Right now I am working on a text classification (trying to predict if a Twitter response is even human or bot generated). The task is actually a closed kaggle competition, and more details as well as datasets that were used could be found here: enter link description here
My problem is that when I submit my solution on the site, I can not get more than 50% accuracy, even if I tried several well known solutions to get a more higher performance. Due to this I think that the problem could be even a conceptual error in my code, even applying not suitable tehniques for my case.
What I tried so far:
Using the stop_words built in list for CountVectorizer.
Trying to get rid features with extremely low and high frequency(I passed the
max_df = 0.3
andmin_df = 0.05
arguments to CountVectorizer object)I used bi-grams
Below you can find my entire code (some bad indents could be found due to copy and paste):
from sklearn.feature_extraction.text import CountVectorizer
from sklearn.feature_extraction.text import TfidfTransformer
from sklearn.naive_bayes import MultinomialNB
import csv
import numpy
from csv import DictReader
target_values=[]
target_values_validation=[]
list_response_train=[]
list_response_validation=[]
predictions=[]
id=[]
with open('train.txt') as f:
reader = DictReader(f, delimiter='\t')
for row in reader:
target_values.append(int(row['human-generated']))

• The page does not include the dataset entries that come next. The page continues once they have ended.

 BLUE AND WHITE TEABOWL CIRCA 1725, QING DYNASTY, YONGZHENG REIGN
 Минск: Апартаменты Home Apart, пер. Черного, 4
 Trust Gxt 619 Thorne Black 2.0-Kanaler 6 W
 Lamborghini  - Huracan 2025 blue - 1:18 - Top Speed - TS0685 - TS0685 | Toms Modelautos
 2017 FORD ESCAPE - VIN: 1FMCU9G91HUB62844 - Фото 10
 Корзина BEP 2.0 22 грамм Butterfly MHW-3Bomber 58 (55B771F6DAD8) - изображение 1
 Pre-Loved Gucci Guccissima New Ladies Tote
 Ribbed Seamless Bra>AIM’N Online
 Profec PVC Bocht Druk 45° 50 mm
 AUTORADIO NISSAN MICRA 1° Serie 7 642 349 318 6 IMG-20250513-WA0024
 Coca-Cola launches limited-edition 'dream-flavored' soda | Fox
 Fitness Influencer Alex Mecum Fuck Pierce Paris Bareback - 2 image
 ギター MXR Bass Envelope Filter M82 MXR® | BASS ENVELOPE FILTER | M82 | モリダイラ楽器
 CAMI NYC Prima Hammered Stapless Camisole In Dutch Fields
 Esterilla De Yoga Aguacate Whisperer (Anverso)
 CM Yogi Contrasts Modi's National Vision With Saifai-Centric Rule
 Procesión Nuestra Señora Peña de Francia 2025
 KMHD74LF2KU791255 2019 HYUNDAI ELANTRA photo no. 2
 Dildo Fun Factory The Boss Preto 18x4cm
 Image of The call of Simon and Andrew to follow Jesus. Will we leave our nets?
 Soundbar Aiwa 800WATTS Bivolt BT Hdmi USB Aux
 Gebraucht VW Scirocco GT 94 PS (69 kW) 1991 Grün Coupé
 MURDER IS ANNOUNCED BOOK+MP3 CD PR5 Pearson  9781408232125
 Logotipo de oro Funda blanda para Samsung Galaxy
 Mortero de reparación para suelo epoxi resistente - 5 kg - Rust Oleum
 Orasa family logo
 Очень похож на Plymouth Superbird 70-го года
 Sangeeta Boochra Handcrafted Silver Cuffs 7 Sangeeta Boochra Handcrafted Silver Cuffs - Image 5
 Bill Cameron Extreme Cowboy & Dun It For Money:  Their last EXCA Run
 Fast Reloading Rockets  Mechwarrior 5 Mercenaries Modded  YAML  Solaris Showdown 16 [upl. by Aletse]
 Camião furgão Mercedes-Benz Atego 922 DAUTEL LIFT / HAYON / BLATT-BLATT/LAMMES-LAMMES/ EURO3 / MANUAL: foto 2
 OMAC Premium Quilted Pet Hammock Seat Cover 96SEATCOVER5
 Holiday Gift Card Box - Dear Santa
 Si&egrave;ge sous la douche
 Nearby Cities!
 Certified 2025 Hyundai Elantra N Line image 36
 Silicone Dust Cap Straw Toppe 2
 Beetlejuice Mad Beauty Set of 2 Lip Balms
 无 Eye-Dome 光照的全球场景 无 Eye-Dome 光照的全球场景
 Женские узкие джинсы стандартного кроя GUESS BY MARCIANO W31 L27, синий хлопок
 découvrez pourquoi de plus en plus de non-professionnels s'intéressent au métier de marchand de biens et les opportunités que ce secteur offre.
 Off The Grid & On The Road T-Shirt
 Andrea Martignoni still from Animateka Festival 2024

row['response'] = row['response'].replace('@@ ', '')
row['response'] = row['response'].replace('<at>', '')
row['response'] = row['response'].replace('<url>', '')
row['response'] = row['response'].replace('<number>', '')
row['response']=row['response'].replace('<first_speaker>', '')
row['response'] = row['response'].replace('<second_speaker>', '')
row['response'] = row['response'].replace('<third_speaker>', '')
list_response_train.append(row['response'])
y_train=numpy.asarray(target_values)
y_train=y_train[:, numpy.newaxis]
count_vector=CountVectorizer(stop_words='english', ngram_range=(2, 2))
X_train_counts=count_vector.fit_transform(list_response_train)
print(X_train_counts.shape)
print(y_train.shape)
tf_transformer = TfidfTransformer().fit(X_train_counts)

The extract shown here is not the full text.